• What the exercise asks: Could you repeat, word for word, only the lines from the one containing "Used 2023 Chrysler" through the final line of the records below?
Start of Block
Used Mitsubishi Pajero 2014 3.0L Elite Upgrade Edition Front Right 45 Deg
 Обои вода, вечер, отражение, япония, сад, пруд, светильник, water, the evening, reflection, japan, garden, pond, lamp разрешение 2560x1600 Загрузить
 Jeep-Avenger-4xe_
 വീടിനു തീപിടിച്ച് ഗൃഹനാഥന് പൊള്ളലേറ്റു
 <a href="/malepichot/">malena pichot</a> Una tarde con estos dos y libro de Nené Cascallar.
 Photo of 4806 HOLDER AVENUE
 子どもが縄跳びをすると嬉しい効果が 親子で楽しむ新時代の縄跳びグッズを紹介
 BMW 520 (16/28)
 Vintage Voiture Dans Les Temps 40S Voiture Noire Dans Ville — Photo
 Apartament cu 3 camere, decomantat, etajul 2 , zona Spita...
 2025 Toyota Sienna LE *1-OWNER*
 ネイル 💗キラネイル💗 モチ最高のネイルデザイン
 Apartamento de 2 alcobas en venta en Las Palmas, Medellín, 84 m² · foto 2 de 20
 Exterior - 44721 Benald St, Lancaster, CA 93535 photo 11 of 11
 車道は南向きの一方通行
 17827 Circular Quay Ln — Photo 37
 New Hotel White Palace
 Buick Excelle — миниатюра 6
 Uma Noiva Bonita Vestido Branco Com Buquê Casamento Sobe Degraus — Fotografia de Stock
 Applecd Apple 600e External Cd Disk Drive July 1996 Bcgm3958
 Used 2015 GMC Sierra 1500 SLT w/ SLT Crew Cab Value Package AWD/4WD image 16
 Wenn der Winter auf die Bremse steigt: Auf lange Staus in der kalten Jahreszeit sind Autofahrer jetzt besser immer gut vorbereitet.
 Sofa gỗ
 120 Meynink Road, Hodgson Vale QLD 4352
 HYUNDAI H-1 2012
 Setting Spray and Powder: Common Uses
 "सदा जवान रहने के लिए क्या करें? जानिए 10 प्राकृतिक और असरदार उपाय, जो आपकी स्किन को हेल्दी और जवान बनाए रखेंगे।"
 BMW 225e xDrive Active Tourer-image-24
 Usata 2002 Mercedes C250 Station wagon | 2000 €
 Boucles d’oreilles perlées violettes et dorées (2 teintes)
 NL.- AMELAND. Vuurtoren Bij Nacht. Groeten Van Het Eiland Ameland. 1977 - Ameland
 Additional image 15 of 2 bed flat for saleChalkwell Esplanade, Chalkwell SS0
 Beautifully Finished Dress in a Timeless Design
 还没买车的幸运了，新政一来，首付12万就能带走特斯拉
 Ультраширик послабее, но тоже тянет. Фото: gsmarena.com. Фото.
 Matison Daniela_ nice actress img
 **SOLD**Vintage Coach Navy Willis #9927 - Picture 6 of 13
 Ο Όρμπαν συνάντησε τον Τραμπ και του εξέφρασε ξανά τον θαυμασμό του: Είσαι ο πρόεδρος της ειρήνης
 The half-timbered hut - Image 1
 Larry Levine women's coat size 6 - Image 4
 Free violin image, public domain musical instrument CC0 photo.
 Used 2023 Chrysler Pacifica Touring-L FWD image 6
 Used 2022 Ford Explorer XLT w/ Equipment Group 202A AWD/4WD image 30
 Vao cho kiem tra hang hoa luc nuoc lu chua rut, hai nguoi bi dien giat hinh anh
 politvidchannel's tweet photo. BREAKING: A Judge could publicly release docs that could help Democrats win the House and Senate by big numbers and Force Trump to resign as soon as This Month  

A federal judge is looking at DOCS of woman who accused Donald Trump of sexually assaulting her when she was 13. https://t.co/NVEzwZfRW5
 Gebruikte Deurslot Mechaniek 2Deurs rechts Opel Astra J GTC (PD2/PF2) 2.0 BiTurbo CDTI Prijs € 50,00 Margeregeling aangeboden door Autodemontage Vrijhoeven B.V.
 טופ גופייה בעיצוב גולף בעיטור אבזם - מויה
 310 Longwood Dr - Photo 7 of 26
End of Block
• Response:
 Used 2023 Chrysler Pacifica Touring-L FWD image 6
 Used 2022 Ford Explorer XLT w/ Equipment Group 202A AWD/4WD image 30
 Vao cho kiem tra hang hoa luc nuoc lu chua rut, hai nguoi bi dien giat hinh anh
 politvidchannel's tweet photo. BREAKING: A Judge could publicly release docs that could help Democrats win the House and Senate by big numbers and Force Trump to resign as soon as This Month  

A federal judge is looking at DOCS of woman who accused Donald Trump of sexually assaulting her when she was 13. https://t.co/NVEzwZfRW5
 Gebruikte Deurslot Mechaniek 2Deurs rechts Opel Astra J GTC (PD2/PF2) 2.0 BiTurbo CDTI Prijs € 50,00 Margeregeling aangeboden door Autodemontage Vrijhoeven B.V.
 טופ גופייה בעיצוב גולף בעיטור אבזם - מויה
 310 Longwood Dr - Photo 7 of 26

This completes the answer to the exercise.